Он схватил трубку и набрал номер. Через несколько мгновений чудом, таким же изумительным, как и моя магия, он разговаривал с компаньонкой своей жены.
|
Я, конечно же, могла слышать только одну сторону диалога, но было совсем не трудно представить, что Малькольм свалял дурака и теперь должен иметь дело с чрезвычайно глупой сиделкой. Они, по-видимому, хотели избавиться от медсестры, потому что миссис Малькольм не любила возле себя чужих, и служанка с компаньонкой решили, что сами в состоянии выполнять все ее обязанности. Малькольм, однако, не считал их вполне компетентными и не особенно церемонился в словах, когда говорил об этом, не оказывая, однако, никакого давления на глупое создание, которое ныло на другом конце провода.
В конце концов он бросил трубку.
— Ну вот, — сказал он. — Дженкинс собирается присматривать за ней без подготовленной медсестры. Что я могу с ним сделать?
— Попытайся убедить его, — сказала я. Последовал еще один звонок, но Дженкинса не было, и разговор не состоялся. Малькольм метался по комнате, словно тигр в клетке. Я все еще не могла понять, почему он так беспокоится. Наконец раздался обратный звонок, и он бросился к трубке. Но снова вместо низкого мужского голоса с противоположной стороны послышался все тот же сдвоенный зуммер.
Малькольм опустил трубку, подошел ко мне и сел у огня.

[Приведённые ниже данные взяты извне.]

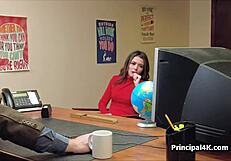 Man, I’m eating out this hot milf at the office! 😍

— Моя жена говорит, что она полностью доверяет доктору Дженкинсу и отказывается слушать другие мнения. Что мне делать, Лилит? Поехать туда и устроить скандал?
— Нет, — ответила я. — Зачем? Совершенно очевидно, что они счастливы, занимаясь своими делами, а ты им совершенно не нужен. В чем дело, почему ты так враждебен по отношению к ним?
|
Малькольм положил обе руки на высокую каминную доску и стоял так, глядя в огонь.
— Почему бы этому проклятому Дженкинсу самому со мной не поговорить? — воскликнул он, но это был такой вопрос, на который я не могла ответить.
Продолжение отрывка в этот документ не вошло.